Les six décorations murales et monumentales que les détenus du camp demandent au peintre, pour cinq de leurs baraques et la chapelle, nous sont connus par les articles d4aragon et de Francis Crémieux, compagnon de captivité de Boris, paru au début de 1945 dans l'hebdomadaire « Regards ». l'artiste se trouvant alors déporté en Allemagne, son nom n'est évidemment pas cité. Aragon l'appelle « le maître de Saint-Sulpice, comme dans l'histoire de la peinture on disait des peintres seulement connus par leurs tableaux : le maître de Moulins, le maître de la Vierge à la rose, le maître à la licorne (…). Extraordinaires fresques énormes. Les personnages en sont presque deux fois grandeur nature. Calmement, devant les GMR, les miliciens, les boches, celui que nous appellerons donc le maître de Saint-Sulpice les peignit comme un défi, incompréhensiblement supporté par leurs geôliers (…) Et puis cela a été peint pendant le temps où le maquis mobilisait, songez donc (…).

« Le chef-d'œuvre du maître de Saint-Sulpice est la fresque qui décore la triste chapelle du camp (…). La colombe est au-dessus de la tête porteuse d'épines. Et le fond de la scène est tricolore. Un ciel qui fait un drapeau bleu, blanc, rouge. Cela se passe aujourd'hui comme hier de tout commentaire, de toute explication.

On doit enlever ces panneaux et les transporter à Toulouse où ils feront la base d'un musée de la Résistance. Ils sont le témoignage exaltant d'un esprit, d'une noblesse, d'un courage qui sont la gloire du peuple français.

« Je voudrais que ces quelques mots marquent la place du maître de Saint-Sulpice dans l'histoire. Je voudrais que les autorités comprennent que sans attendre, pour une fois, on peut décorer de la Légion d'honneur ce peintre obligatoirement anonyme… »

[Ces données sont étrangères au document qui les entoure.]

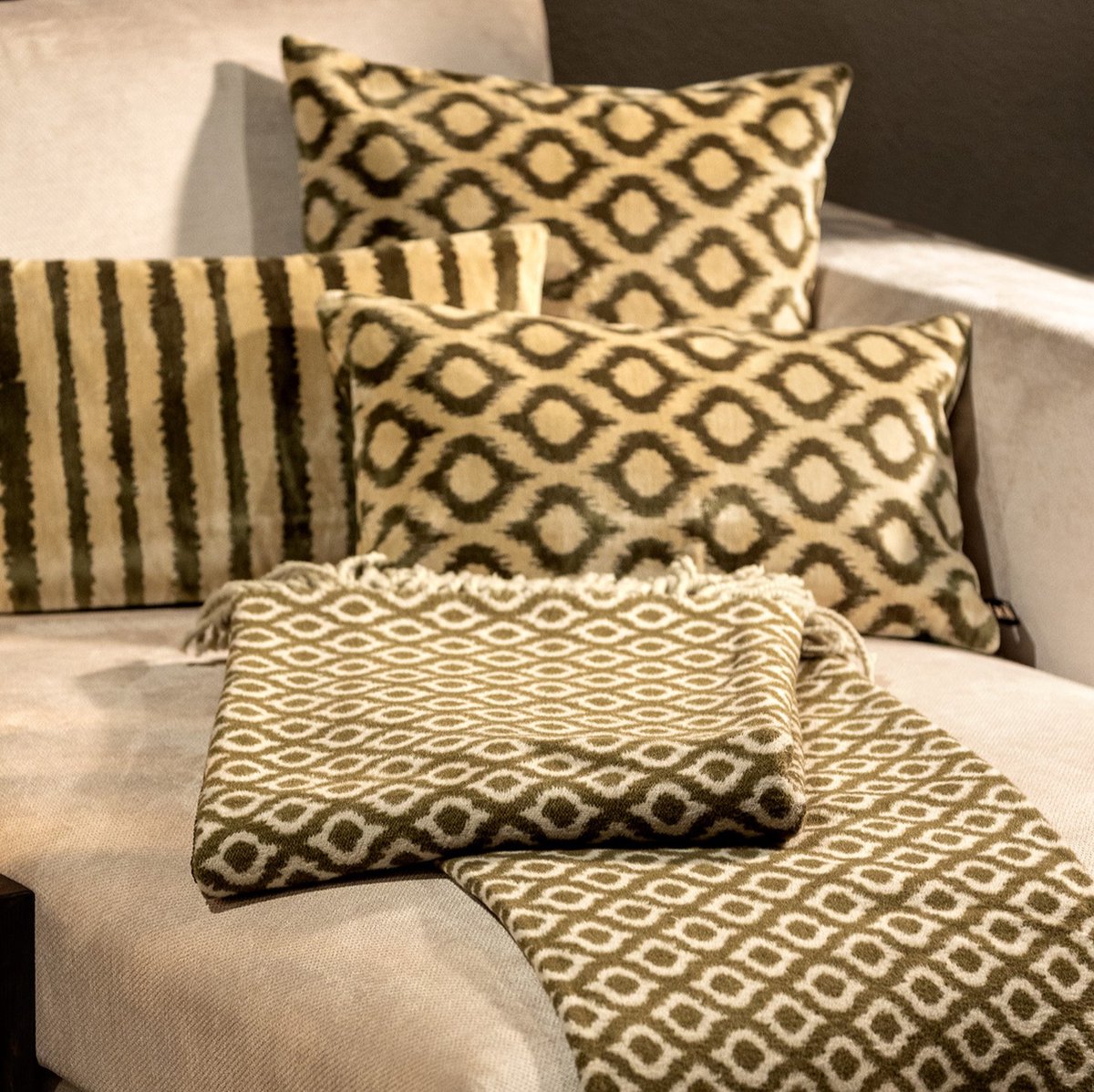 Hoii ISABELLA | plaid 150x200 cm | Military Olive | groen | multicolor | Hoii Olijfgroen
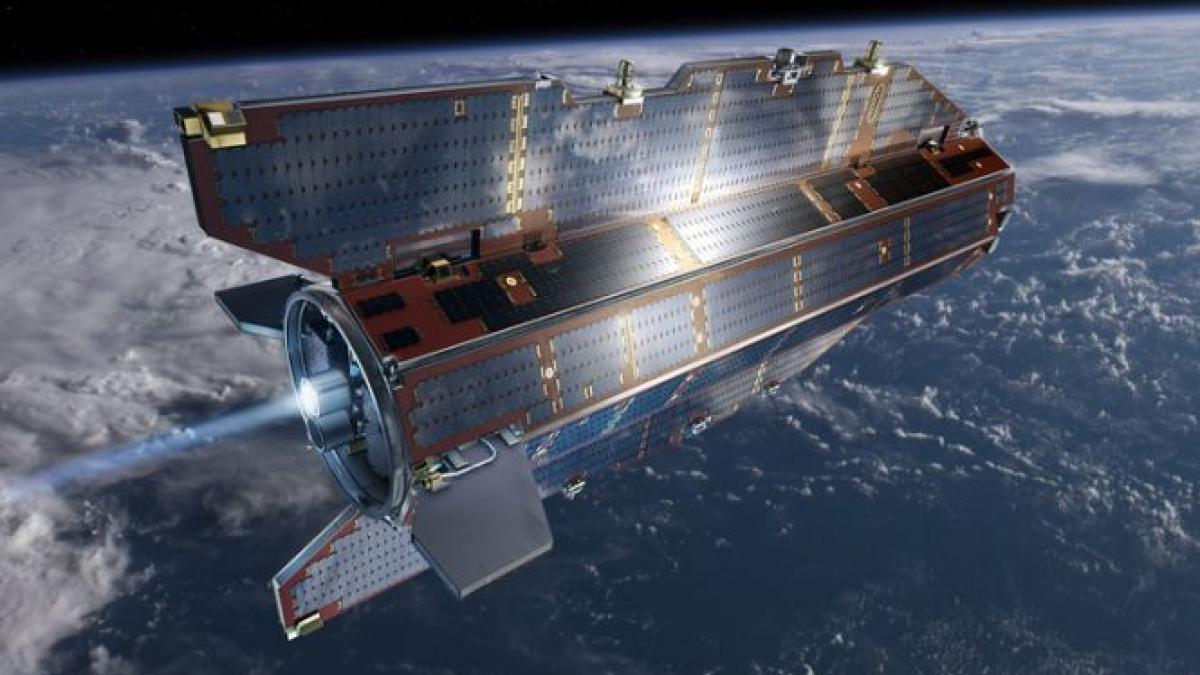 Avertismentul Agenţiei Spaţiale Europene: Satelitul GOCE se va prăbuşi în curând pe Pământ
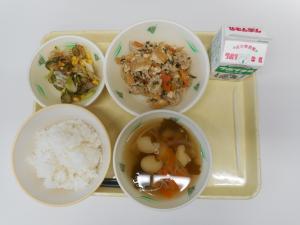 10月11日の給食の写真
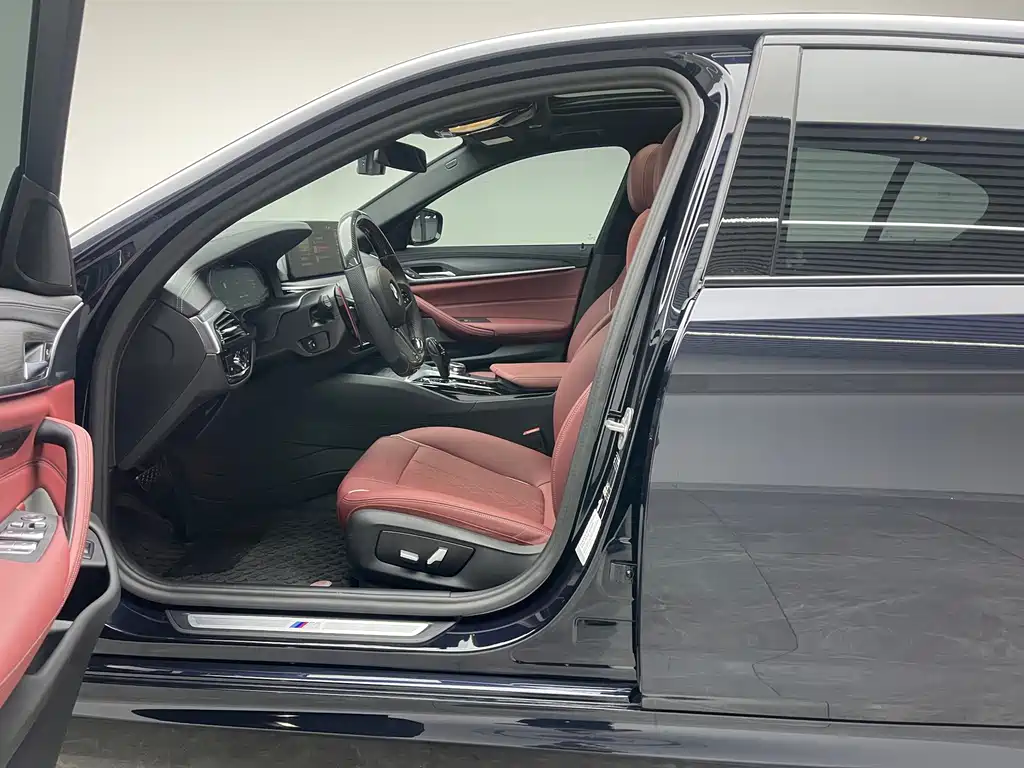 BMW 5 Series — миниатюра 16
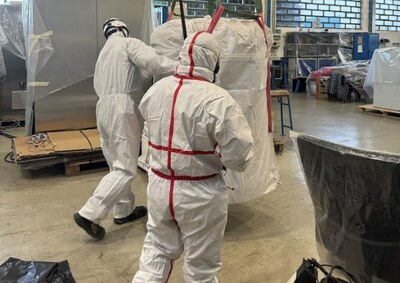 Retirada de amianto en una nave industrial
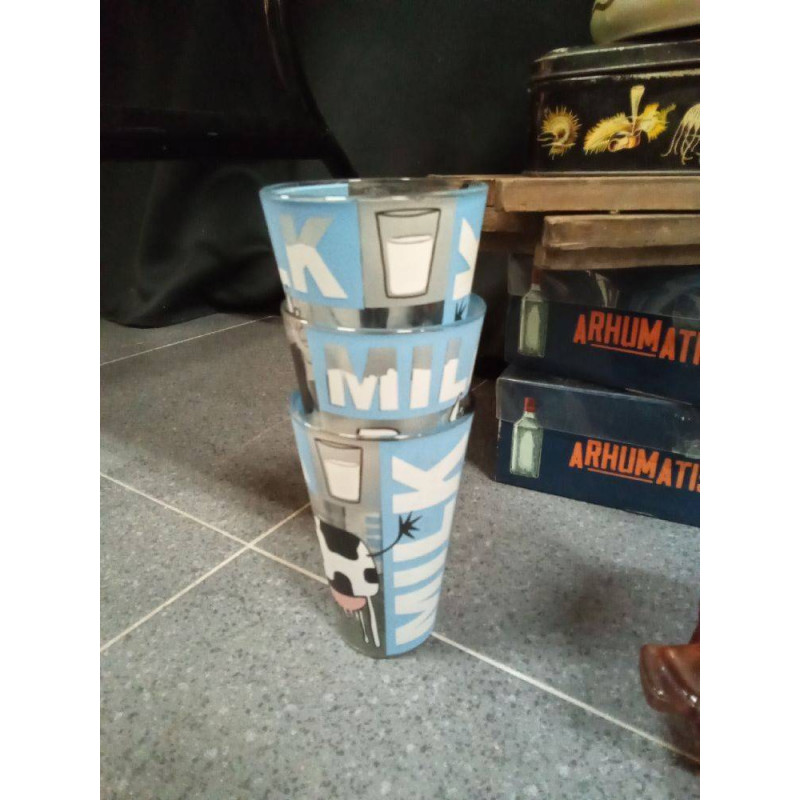 3 VASOS DE LECHE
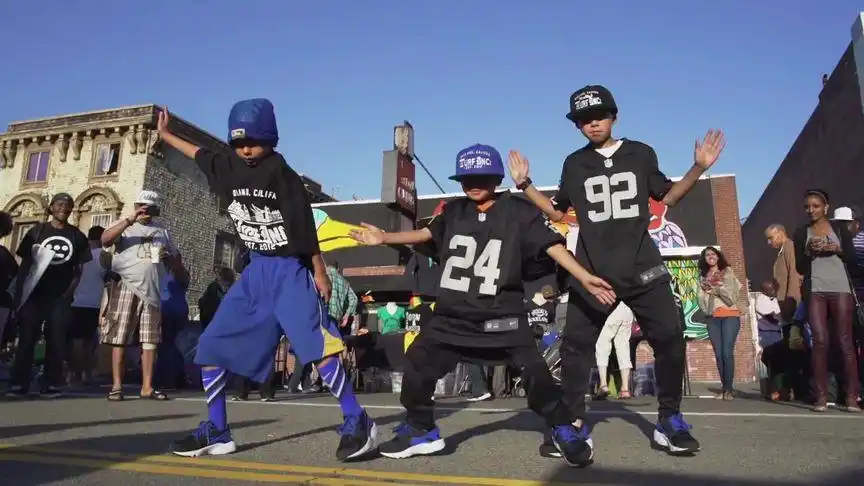 四个小孩儿跳街舞,一个比一个会摆酷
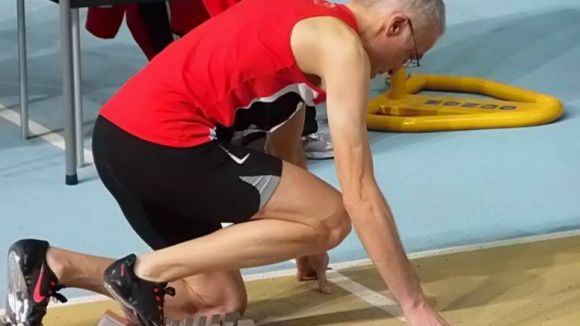 L'atleta veterà Manel González estableix un nou rècord estatal en els 400 metres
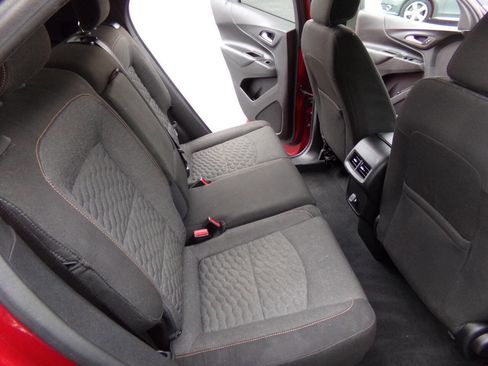 Used 2018 Chevrolet Equinox LT image 34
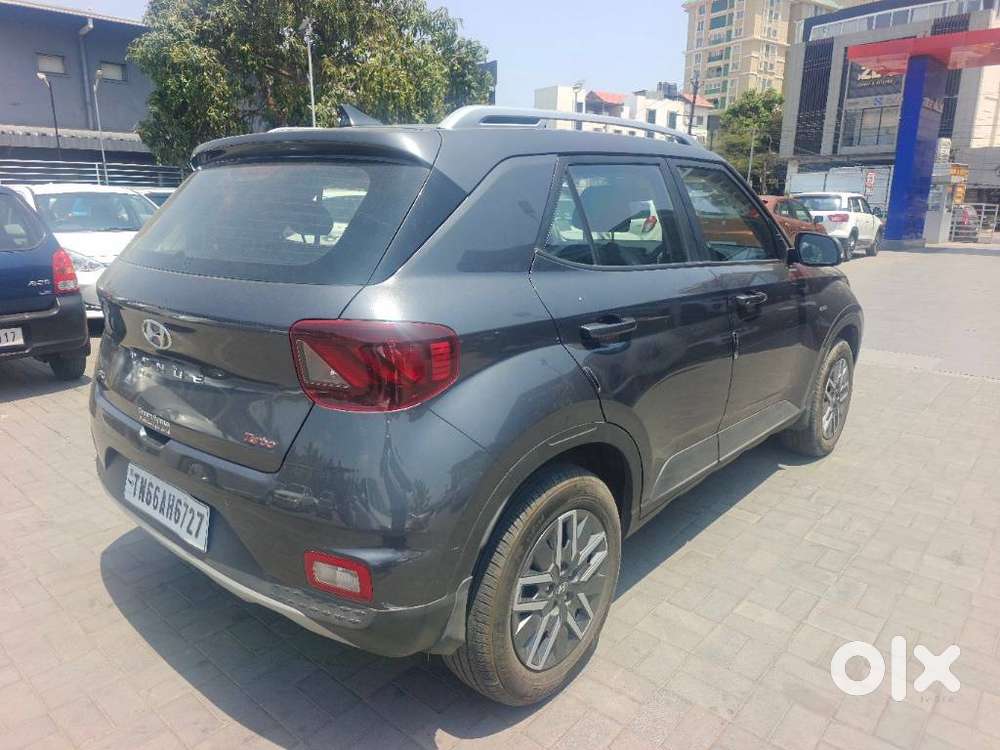 Hyundai Venue 1.0 Sx Turbo Imt, 2021, Petrol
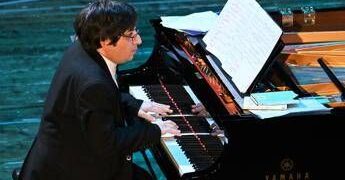Iran, il pianista Bahrami: “Trump punta ai nostri soldi, altro che diritti umani”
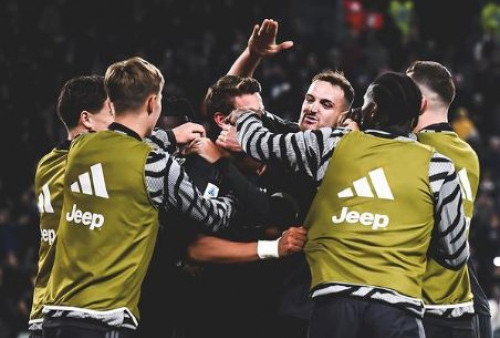 Juventus Puncaki Klasemen, Allegri: Inter Milan Favorit Scudetto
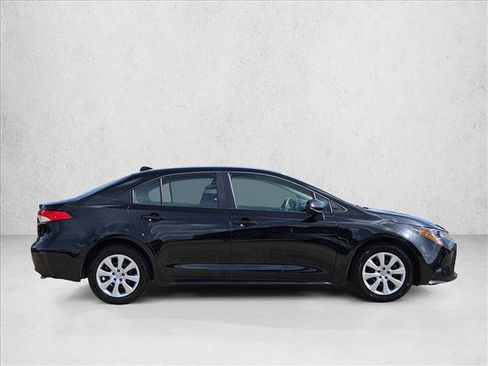 Used 2025 Toyota Corolla LE FWD image 4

Boris Taslitzky affronta, pendant des mois encore, la géhenne de Buchenwald. « Sans la résistance intérieure du camp et la solidarité, dit-il, personne n'aurait pu survivre. Quand je suis arrivé, les SS m'ont tout pris. Mais, trois mois plus tard, les camardes leur chipaient ma boîte d'aquarelle. » Minuscule, elle figure dans une vitrine. Elle a servi à peindre la vue du « Petit Camp » qui inspirera à Boris, dès son retour, le fantastique tableau, 3 m x 5 m, que Jean Cassou, conservateur en chef, avait installé dans une salle du musée d'Art moderne.

Les dessins de Buchenwald sont l'un des moments forts de l'exposition. Tracés rapidement, en cachette, au verso de vieilles circulaires SS récupérées par les résistants, ils sont reflet et mémoire de la vie quotidienne au bagne nazi : trimer, manger, dormir… mourir. L'artiste a voulu que deux tableaux accompagnent cette série : le portrait de sa mère, assassiné en 1942 à Auschwitz, et « la Mort de Danièle Casanova ».

L'exposition du musée de la Résistance présente la nouvelle édition des « Cent Onze Dessins faits à Buchenwald », et, quarante quatre ans après l'article d'Aragon, permet de redécouvrir, par des photos, les fresques de Saint-Sulpice-la-Pointe, que l'on n'a pas su, hélas, conserver. N'y a-t-il pas maintenant une occasion à saisir ? Boris Taslitzky a reçu la médaille militaire et la croix de guerre pour fait d'armes. Il serait beau, pour fait d'art et services exceptionnels, de rendre enfin au « maître de Saint-Sulpice » l'hommage national qu'il mérite. Bien d'écouter en haut lieu le poète.